The next day, at a different place, the water still cost two dirhams, and a metered tuktuk still cost 300 rupees back to the station, and on the third day our vendor, sensing my continuing bafflement at the water’s disproportionately high price, pointed at the label of the bottle stating the same price. I felt like an asshole again. Why was I being so inherently distrustful of people? Yes, tourists are supposed to get ripped off, and to a certain extent, maybe I feel like they deserve to be ripped off. So when the three of us — white guys in tie dye shirts, a look that only old German men in socks and sandals could beat for most obvious tourists — were walking around the streets of Colombo or Hikkaduwa, I just expected to be ripped off at every corner.
However, over the course of the entire trip, I can only think of two people who really tried to rip us off: a tuktuk driver in Colombo and, more surprisingly, a Buddhist monk at Adam’s Peak. I expected it from the tuktuk driver, since you can never weed out all bad experiences, but the monk? Walking up Adam’s Peak, there are multiple stalls with monks inside, and in exchange for a donation, they tie a little wristband on you and bless both it and you. They have books where you write in your name and your donation amount. At the bottom of the trail, the somewhat compulsory donation seemed to be around 1000 rupees — 25 AED — based on what was written in the book. Somehow by the time people got to the second stall, the donations were all around 2000 or 5000 rupees — the equivalent of 50 or 125 AED — even though my initial impulse would have been to give less. But I looked down again, and thought, really, nobody gave 1000, or even 500? Are people really feeling that generous? Upon closer inspection, I realised that some of the final zeroes looked just a little different from the previous ones on some of the donations – as if they had been written in by the monk himself. The Buddhist monk, arguably a character idealized beyond any reality, was trying to rip people off by guilt-tripping them into giving higher donations.

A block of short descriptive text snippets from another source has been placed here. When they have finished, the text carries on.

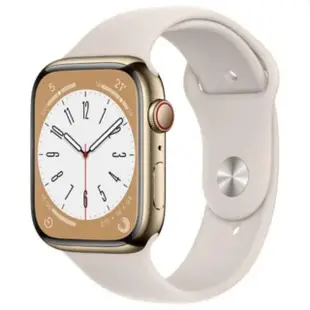 【Apple】Apple Watch S8 LTE版 41mm(不鏽鋼金屬錶殼搭配運動錶帶)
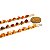 Pulseira Ágata Cornalina Corrente Natural Rolada Dourado - Imagem 8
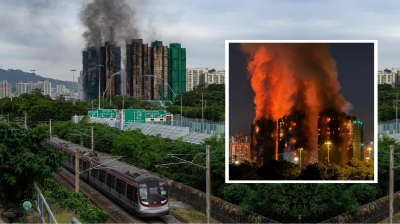 হংকংয়ের অ্যাপার্টমেন্টে আগুনে নিহত ৪৪, নিখোঁজ ২৭৯ জন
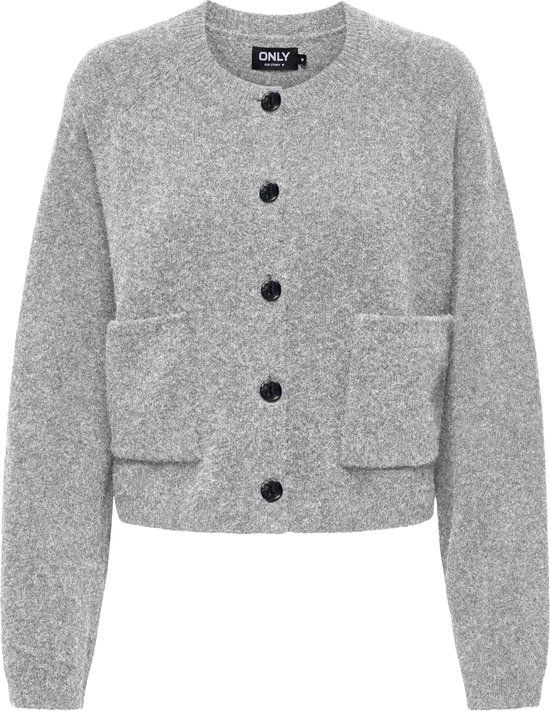 Onlpiemonte Only Piemonte Cardigan Vest Dames - Maat XL - Grijs - Lange mouw - Vrouwen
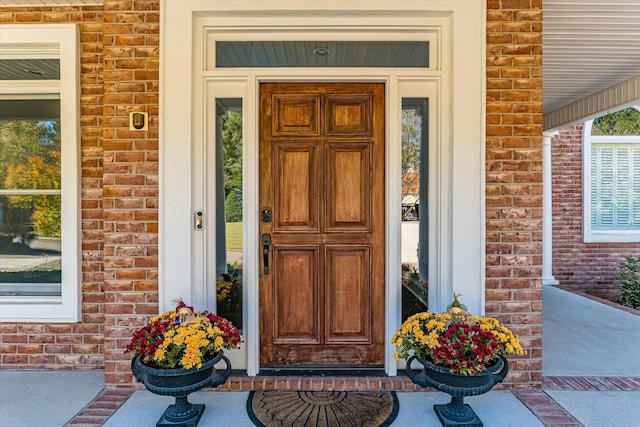 view of entrance to property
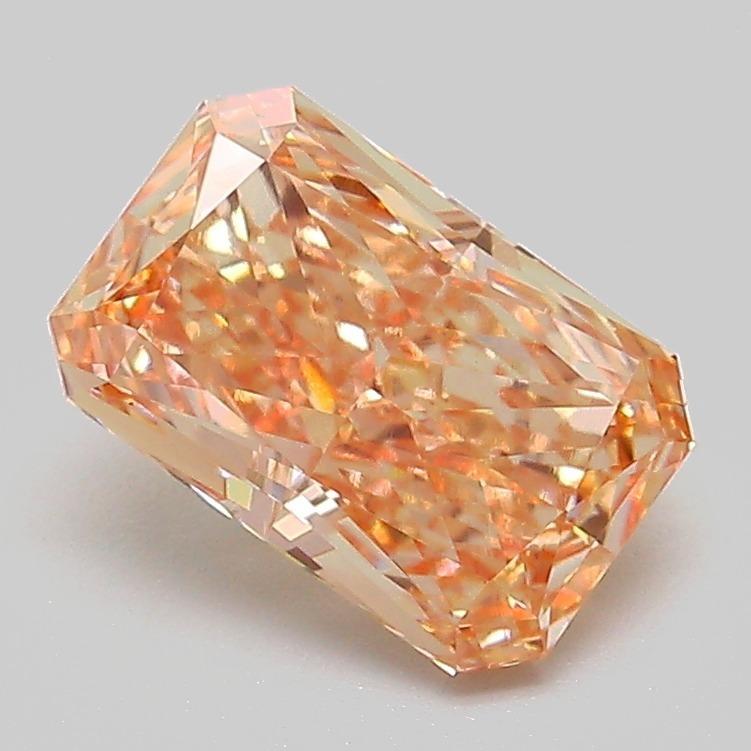 1.63 Ct. Fancy Orangy Brown Radiant Lab Grown Diamond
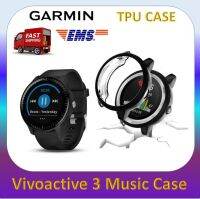 Garmin Vivoactive 3 Music TPU case เคส กันกระแทก รอบตัว Vivoactive3 music Plating Protective Case Cover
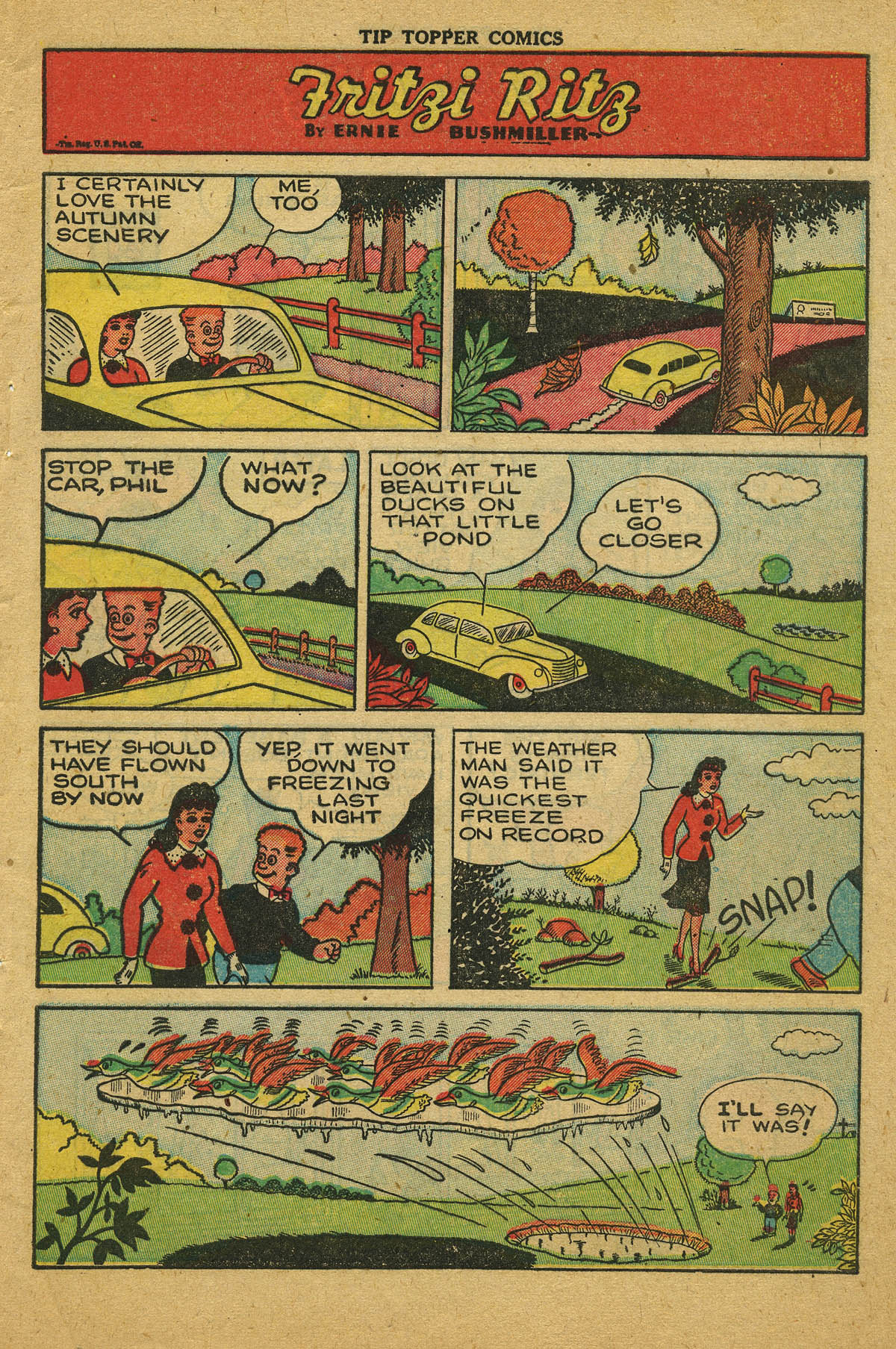 Read online Tip Topper Comics comic -  Issue #4 - 5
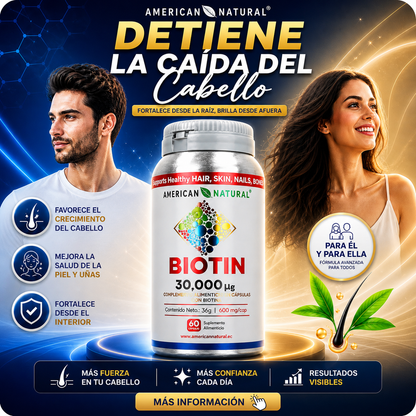 Biotina – Suplemento para Cabello, Piel y Uñas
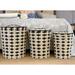 Decorative Woven Storage Basket with Lid Set of 3 - L：D: 13.5" X H: 15.5" /18"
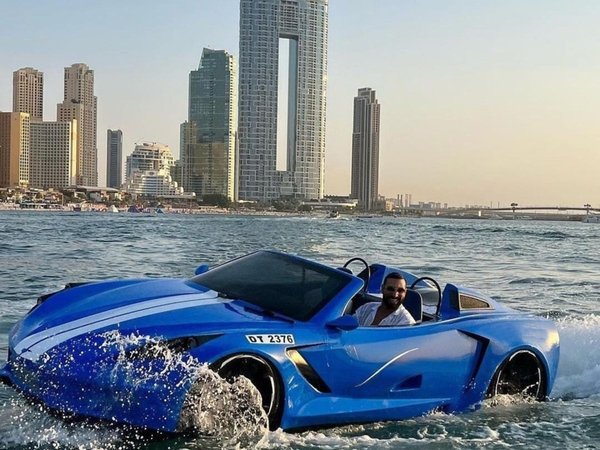 Аренда Jet Car: реактивный автомобиль в Дубае - фото 2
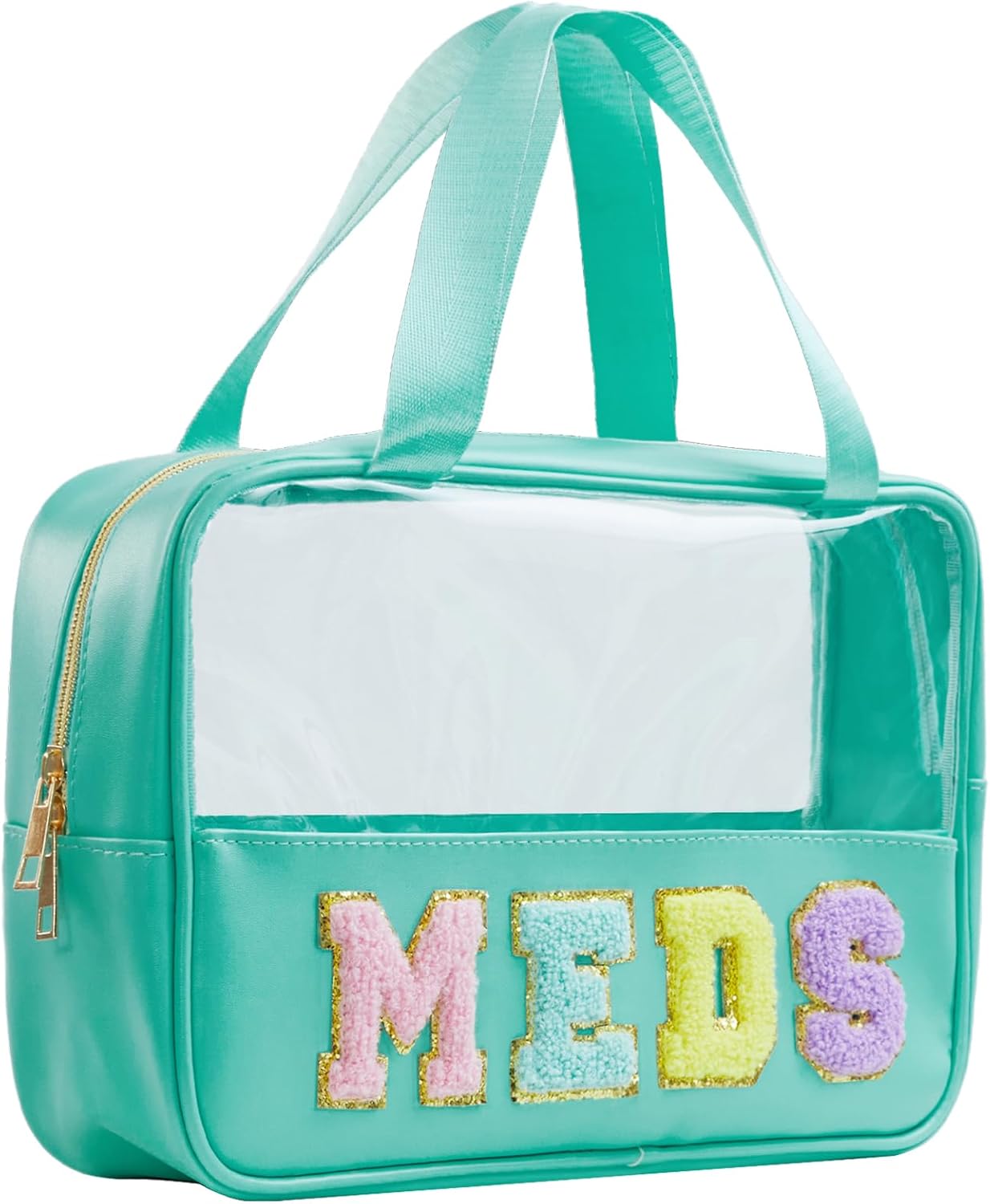 Ballet Bag - Preppy Chenille Letter Makeup Organizer | Waterproof Storage Case for Girls 4-6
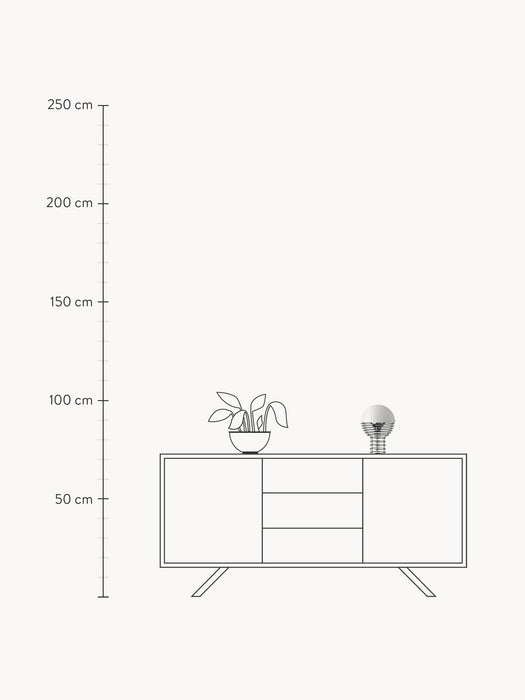 Small Dimmable Portable LED Table Lamp Wire Design Verner Panton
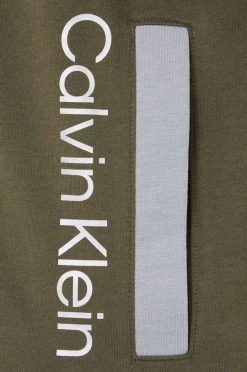 Ανδρικά Πιζάμα Μπλούζα πιτζάμας Calvin Klein Underwear χρώμα: πράσινο -Ρούχα Εκπτώσεις unnamed file 4212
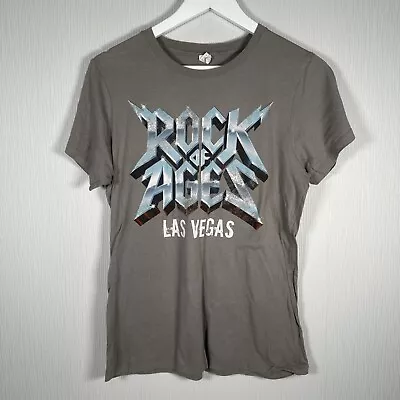Buy Vintage Rock Of Ages Las Vegas Stage Show Grey Women's T Shirt Tee XL • 19.99£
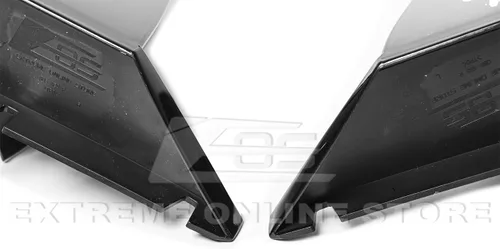 Vista 5 de Sustitución para Corvette C7 2014-2019 Z06 Estilo Etapa 3 Parachoques Frontal Inferior Divisor Lateral con Aleta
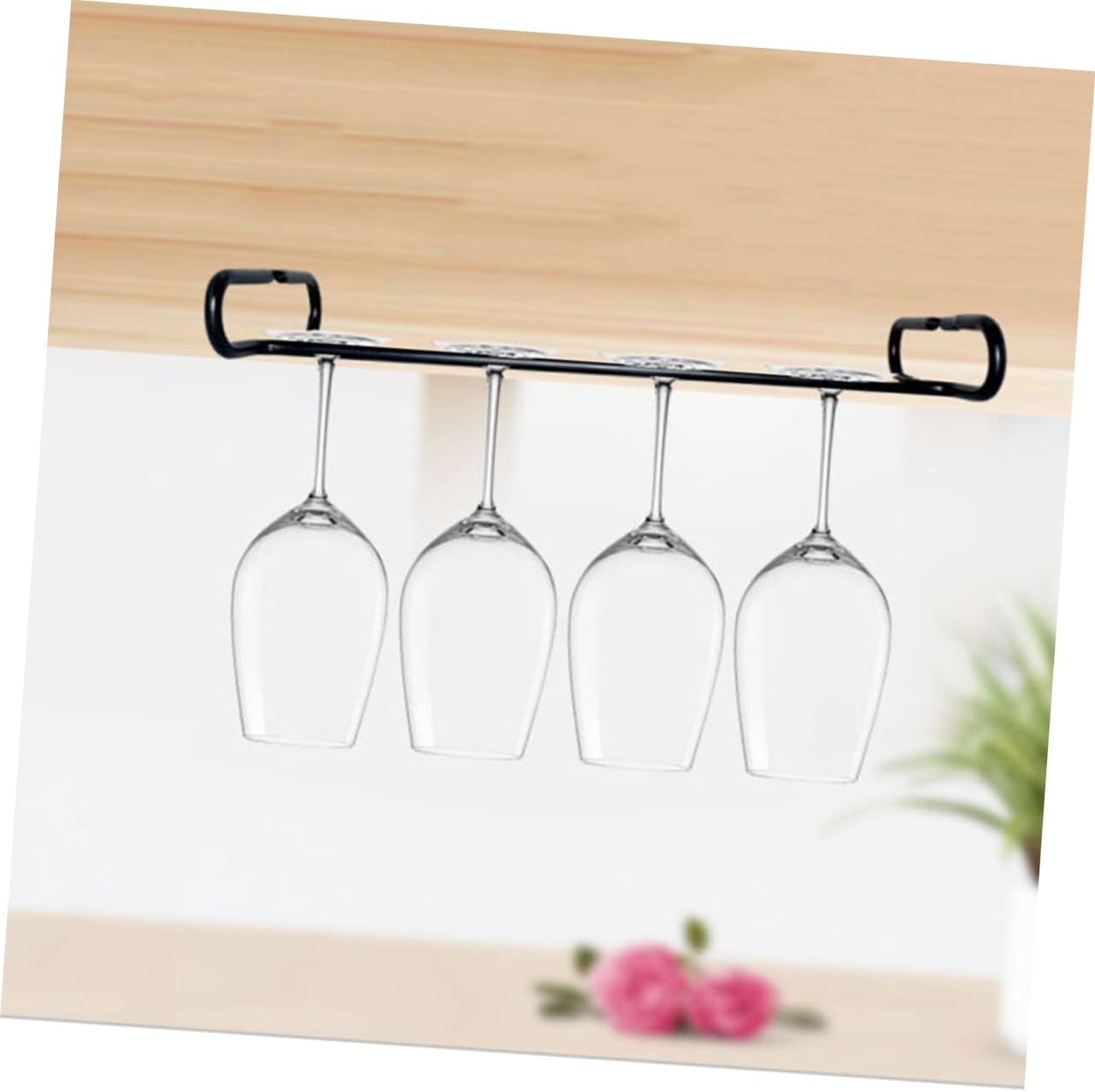 STOBAZA Inverted Iron Wine Glass Holder
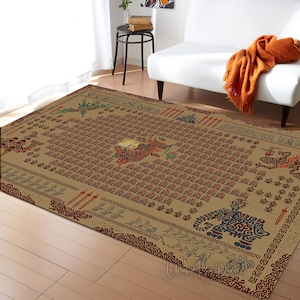 Zelda Map Rug: Breath of the Wild Game Room Carpet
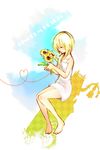  1girl blonde_hair eyes_closed kingdom_hearts namine short_hair 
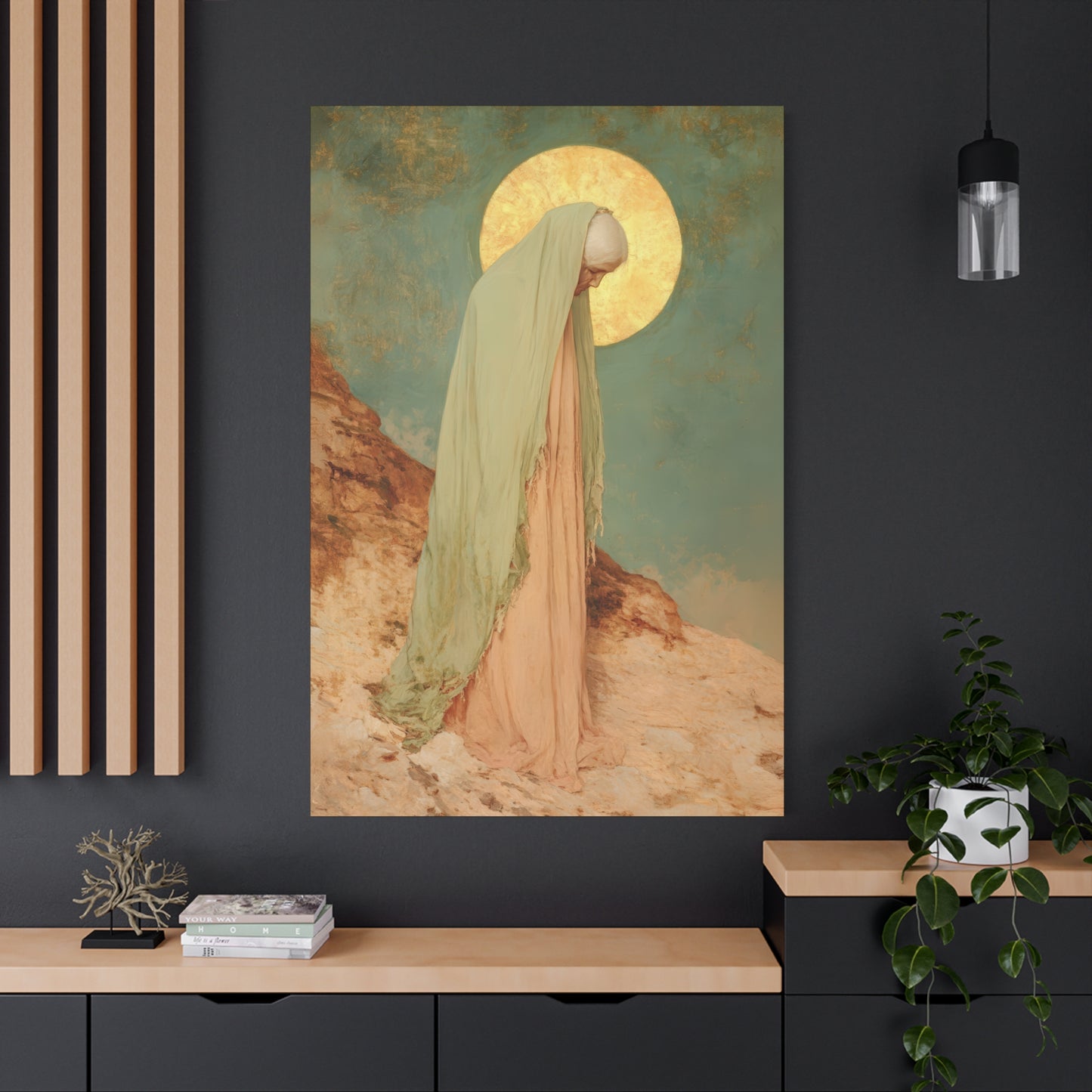 Saint Melania the Elder - Desert Mother - Gallery Wrapped Canvas - Print - Religious Art for your Home - Catholic Art Print
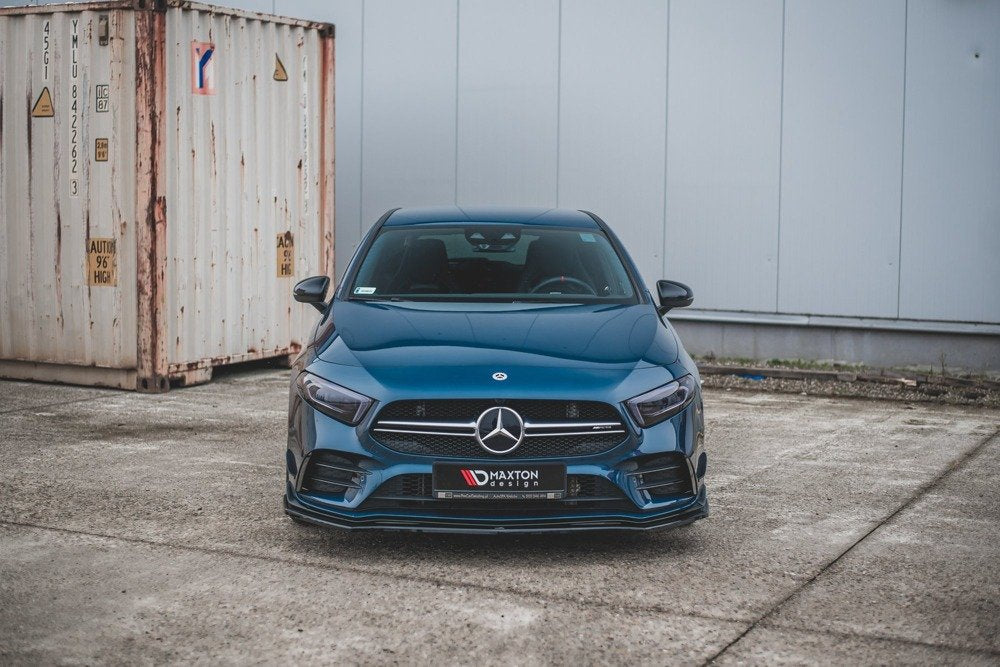 Maxton Design Front Splitter V.2 Mercedes A35 W177 Aero AMG Front Lip
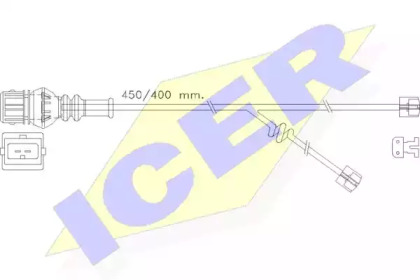 Сигнализатор, износ тормозных колодок ICER 610355 E C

But what I found out was that even though I wasn’t innately distrustful of the monk, as I had been of many of the street vendors, I could still smell the bullshit when it was there. So I guess the moral of the story, if there is any, is that being suspicious at all times can end up letting you down, as you end up feeling bad for not giving people the benefit of the doubt. Of course, still being in the present moment and smelling the bullshit when it’s there is important. I might not be a science major anymore, but I still know two trips is not a good enough sample size to make any generalizations about your chance of being ripped off. But being aware of overpaying, without treating everything and everyone with suspicion is probably a healthier road to take. Of course, this is infinitely easier when you actually know what reasonable prices are. Maybe I’m just advocating for trust and compassion because I have readings about Buddhism for class so often that not even a crooked monk can break my convictions.